One of the main reasons is a difference in the coagulation method between the two. That is, the coagulation method of an organic solvent-based polyurethane liquid is a so-called wet coagulation method in which polyurethane molecules dissolved in the organic solvent are coagulated by solvent substitution with water, and a porous film having a low density is formed when viewed from a polyurethane film. Therefore, even when the fibrous base material is impregnated with polyurethane and solidified, a bonding area between fiber and polyurethane is reduced, and a soft sheet material is obtained.

On the other hand, in the water-dispersed polyurethane, a so-called wet heat solidification method in which a hydrated state of a water-dispersed polyurethane dispersion is collapsed by heating and polyurethane emulsions are aggregated to be solidified is mainly used, and a polyurethane film structure to be obtained is a pore-free film having a high density. Therefore, adhesion between the fibrous base material and the polyurethane becomes dense, and the entangled portion of the fiber is strongly gripped, so that the texture becomes hard.

In the method disclosed in Patent Document 1, by making the water-dispersed polyurethane porous, the bonding area between the fibers and the polyurethane is reduced, a gripping force at an entanglement point of the fibers is weakened, and it is possible to obtain a sheet material having a good texture with a soft touch, but the flexibility tends to be still poor as compared with a case of adding the organic solvent-based polyurethane.

In addition, in a method disclosed in Patent Document 2, durability is excellent due to the addition of polyurethane in two steps, but the flexibility tends to be still poor as compared with the case where the organic solvent-based polyurethane is added.

Meanwhile, in a method disclosed in Patent Document 3, by making the water-dispersed polyurethane porous, the bonding area between the fibers and the polyurethane is reduced, a gripping force at an entanglement point of the fibers is weakened, and it is possible to obtain a sheet material having a good texture with a soft touch, but the flexibility tends to be still poor as compared with a case of adding the organic solvent-based polyurethane. However, since a divalent cation-containing inorganic salt is used as a thermal coagulation modifier, the occurrence of impregnation unevenness due to gelation of the impregnation liquid is a problem.

In addition, in the methods disclosed in these patent documents, since the water-dispersed polyurethane swells in a solvent to weaken the gripping force at the entanglement point of the fibers, the sheet material cannot be strongly gripped, and thus there is a problem in chemical resistance and dyeing resistance.

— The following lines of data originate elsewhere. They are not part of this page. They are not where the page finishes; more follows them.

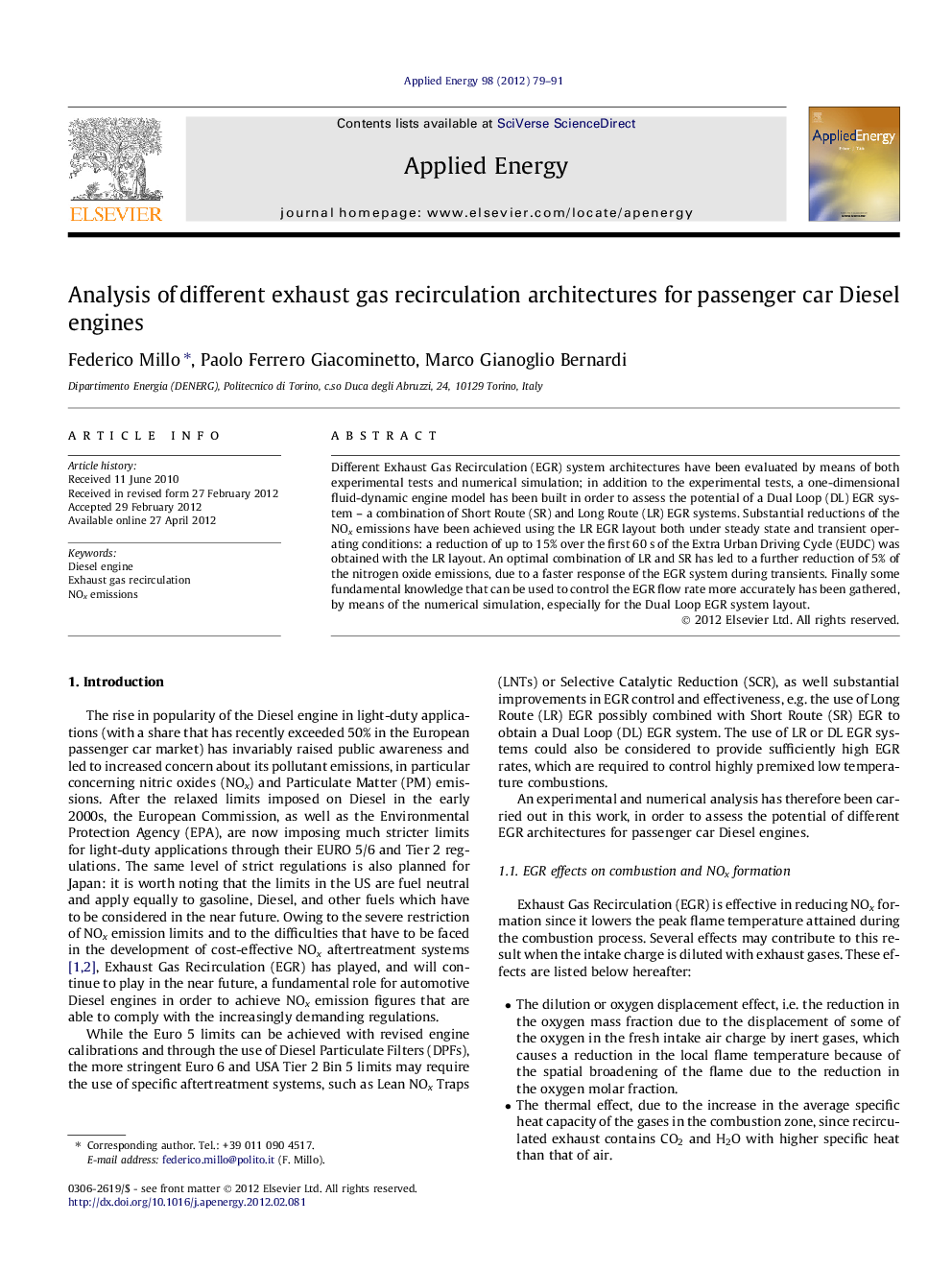 Analysis of different exhaust gas recirculation architectures for passenger car Diesel engines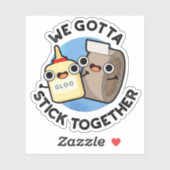 We moeten samen Funny Sticky Tape Glue Pun Sticker (Vel)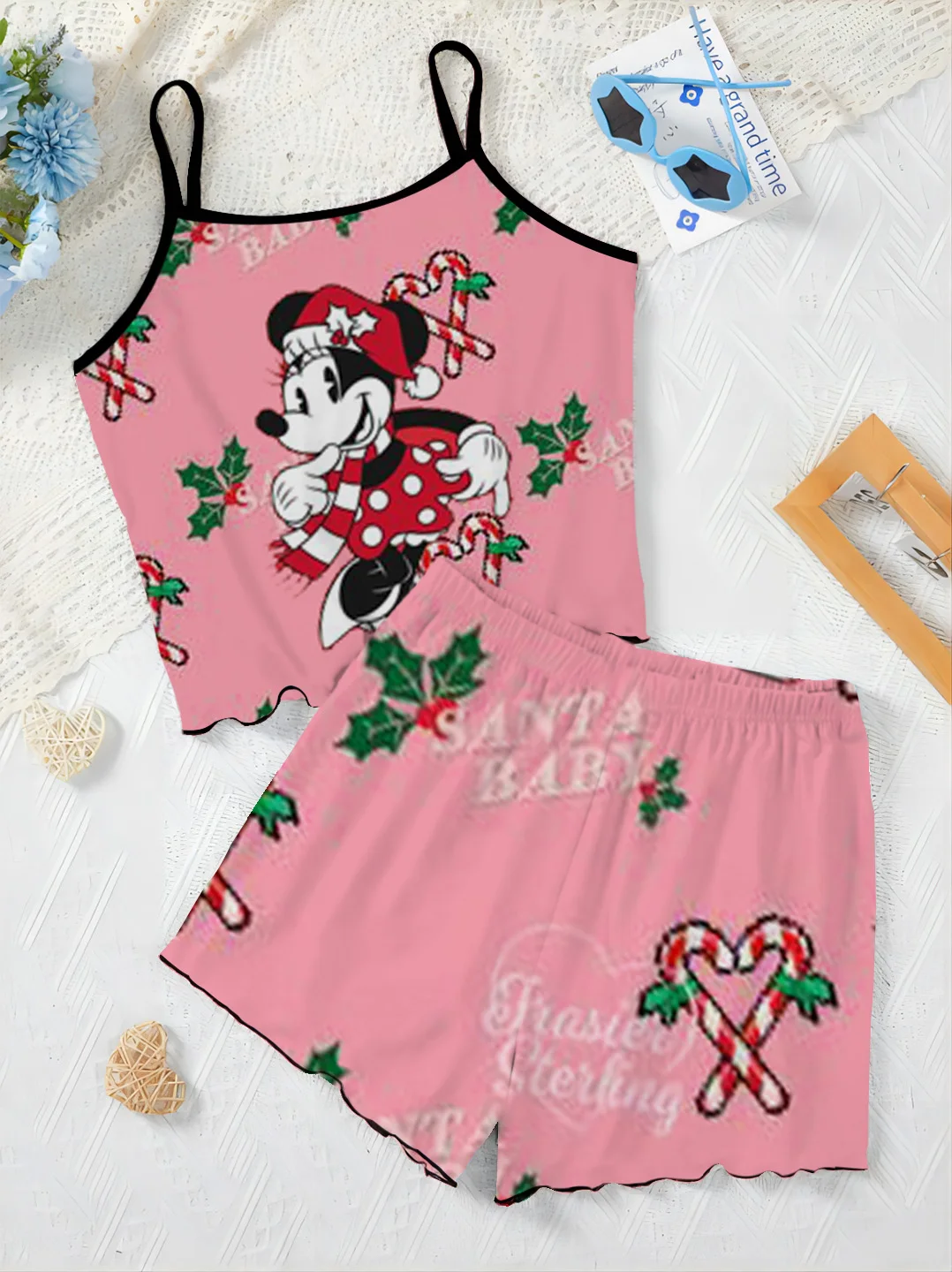 Elegant Women's Sets for Women 2 Pieces Disney Slip Dress Mickey Lettuce Trim Christmas Pajama Skirt Minnie Mouse T-shirt Short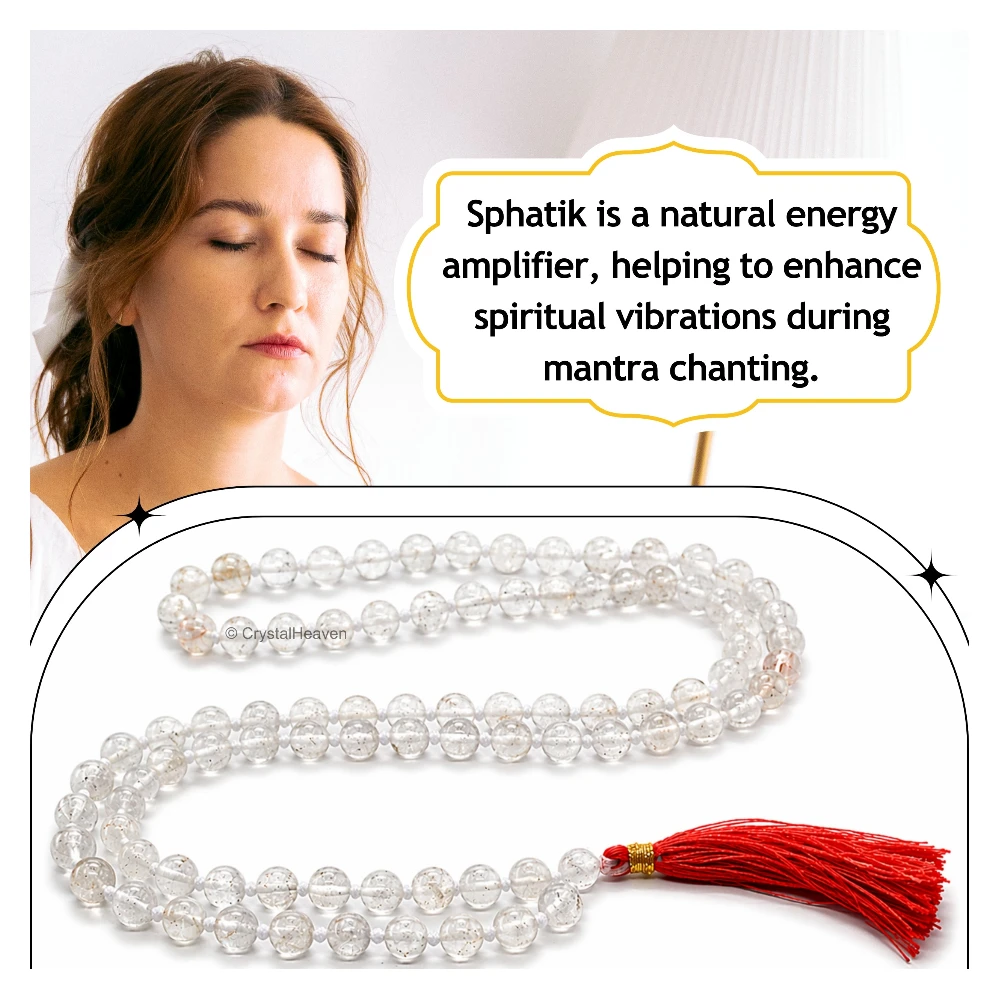 Sphatik Mala - B Grade 108 Beads (7mm) (Hand Knotted)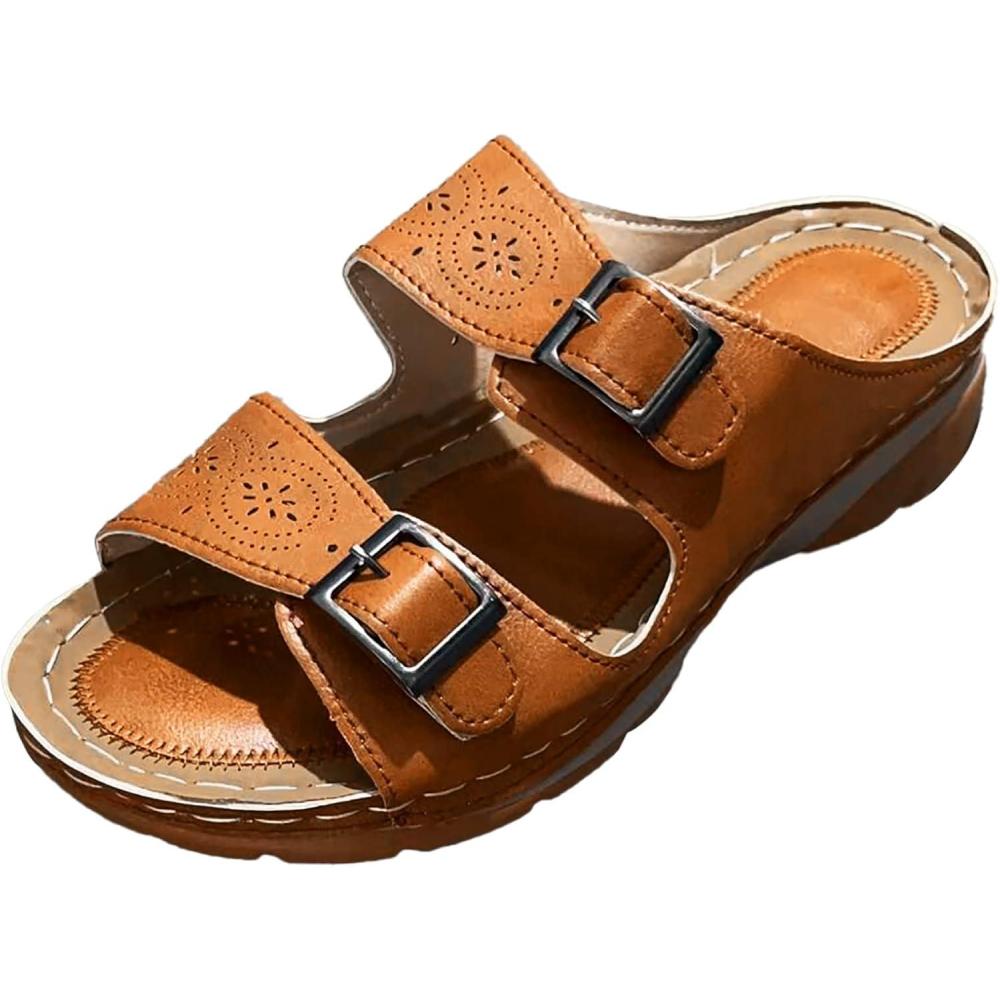 image:imageMules en Cuir pour Femme Sandales Mode Bout Ouvert Compenses Plateforme Pantoufles Premium Orthopdiques Sandales Vintage Chaussons de Plage dt10 Kaki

Therefore, in view of the background of the related art, an object of the present invention is to provide a sheet material excellent in flexibility, chemical resistance, and dyeing resistance, and a method for producing the same.

As a result of intensive studies to achieve the above object, the present inventors have found that flexibility, chemical resistance, and dyeing resistance can be improved by causing the elastomer to have a specific functional group by, for example, producing a sheet material through a first elastomer precursor impregnation step, an ultrafine fiber generating step, and a second elastomer impregnation step. Further, it has been found that the sheet material can reduce the amount of fiber fragments during washing.

The present invention has been completed based on these findings, and according to the present invention, the following inventions are provided.

The sheet material of the present invention has an elastomer and a fibrous base material comprising ultrafine fibers, wherein an average single-fiber diameter of the ultrafine fibers is 0.1 µm or more and 10.0 µm or less, the elastomer has a hydrophilic group and an N-acylurea bond and/or an isourea bond, and the following condition 1 and condition 2 are satisfied:

• condition 1: A longitudinal stiffness, in accordance with method A (45° cantilever method) in the text of “8.21 Stiffness” of JIS L 1096:2010 “Testing Methods for Woven and Knitted Fabrics”, is 40 mm or more and 140 mm or less; and
• condition 2: After immersion for 24 hours in N,N-dimethylformamide, the following are obtained in wear testing using a pressing load of 12.0 kPa and 20,000 friction cycles in accordance with method E (Martindale method) in the text of “8.19 Wear Strength and Friction Discoloration” of JIS L 1096:2010 “Testing Methods for Woven and Knitted Fabrics”: a grade of at least 4 and a wear loss of not more than 25 mg.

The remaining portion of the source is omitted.